Spartanburg is now one of the most bikeable cities in the country thanks to B-Cycle, the first bike sharing system in the Southeast. Find one of the conveniently located stations, and five dollars on a credit card will get you a bike for an entire day. Explore downtown or hop on the paved, nearly two-mile long Rail Trail to follow the path of the very first train that came to The Hub City in 1859.

For a higher intensity adventure, travel to any of the properties owned by SPACE (Spartanburg Area Conservancy). Glendale Shoals offers a chance to paddle from the foothills of the Blue Ridge to the Atlantic Ocean or just an exciting mile or two after a decent rainfall.

The walking trails follow Lawson’s Fork Creek and the lines of the obsolete Glendale Trolley line. The wooded trek follows a half-mile loop through the mill village that began in the early 1830s. History buffs, especially, enjoy the walk through the old village streets, past the original home of the mill founder and up to the rock-climbing wall now housed inside a repurposed church.

Military History

While South Carolinians aren’t strangers to history, natives of Spartanburg know their hometown is a standout as the site of the most Revolutionary War battles than any other region in the United States. Two of these are said to have been major deciding factors for the outcome of the war itself. Tourists and historians alike can immerse themselves in history by visiting Cowpens National Historic Site where they will learn about General Daniel Morgan’s surprising victory. It will be less surprising then, to notice Morgan’s likeness gracing both a Motte & Sons whiskey bottle and the iconic statue keeping watch over downtown.
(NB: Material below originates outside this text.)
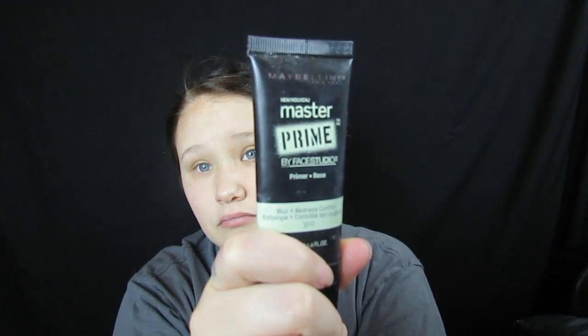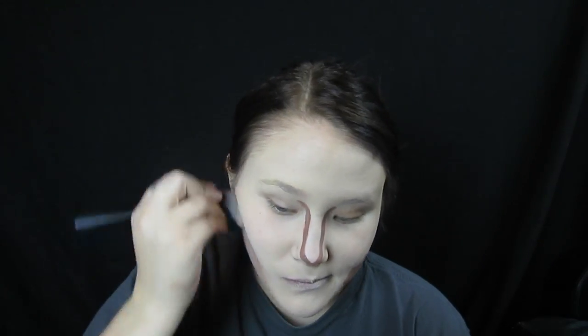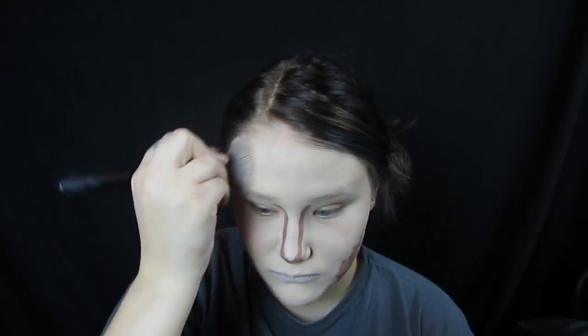I started off by using primer on my face and covering my face in a light foundation. Then I took a contour liquid and contoured my nose and my cheekbones, and I used my foundation brush to blend that in. This is just kind of a base for what I'll do later. And I powdered my face using a translucent powder.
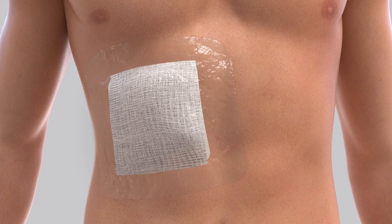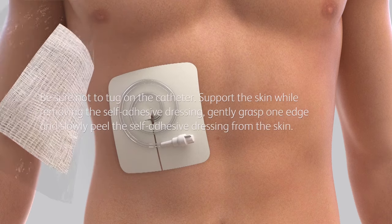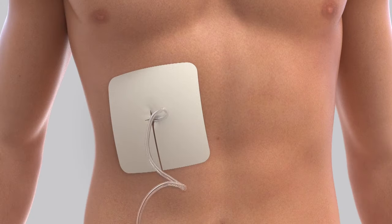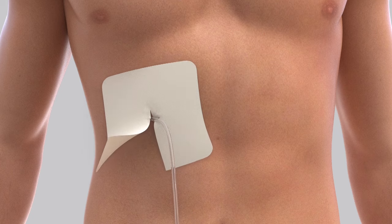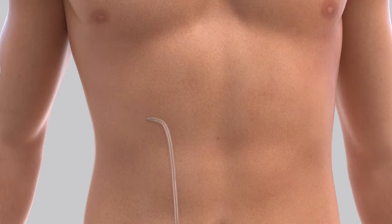Remove the dressing from the area around the catheter and discard it. Be sure not to tug on the catheter. Support the skin while removing the self-adhesive dressing. Gently grasp one edge and slowly peel the self-adhesive dressing from the skin. If you notice any redness or swelling around the catheter, any fluid leaking, or if the white cuff is visible on the outside of your body, continue the drainage procedure and then call your doctor or nurse to report what you see.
Though Spartanburg saw no more military conflicts after the Revolutionary War, it was a training ground for both World War I and World War II. During the first, around 100,000 men were prepared for service at the site that is now Westgate Mall. During World War II, an estimated 200,000 men trained at Camp Croft, which is now Camp Croft State Park and a popular fishing and hiking spot.

Local Culture

Though Spartanburg’s old roots run incredibly deep, there’s a younger and creative vibe that has come to the forefront of Hub City life. This could be due, in part, to the eight colleges, universities and the recently opened medical school. Artistry and creative culture are on display for visitors during the Art Walk every Thursday when various galleries and organizations plan free events, exhibitions and displays. The West Main Co-Op and the Foothills Artisans Center, in particular, are great spots to stop and browse local goods.

Spartanburg also has an affinity for grass roots initiatives that are impacting the world. Globalbike, a Spartanburg brainchild and internationally award-winning philanthropic organization, sends a group to Africa every year to deliver bicycles—a simple idea, but one with a profound impact on the quality of life for others. WritefullyHis, a foundation that provides students in East Africa with access to paper and pencil through partnerships with nonprofits, sells an array of fair trade jewelry made by women from Tanzanian villages, not to mention beautiful stationery native to our own geography—all which go to support its cause. Hub City Press is a non-profit independent press that publishes well-crafted, high-quality works by new and established Southern authors. They are committed to high-caliber novels, short stories, poetry, memoir and works with a strong sense of place that emphasize regional culture and history.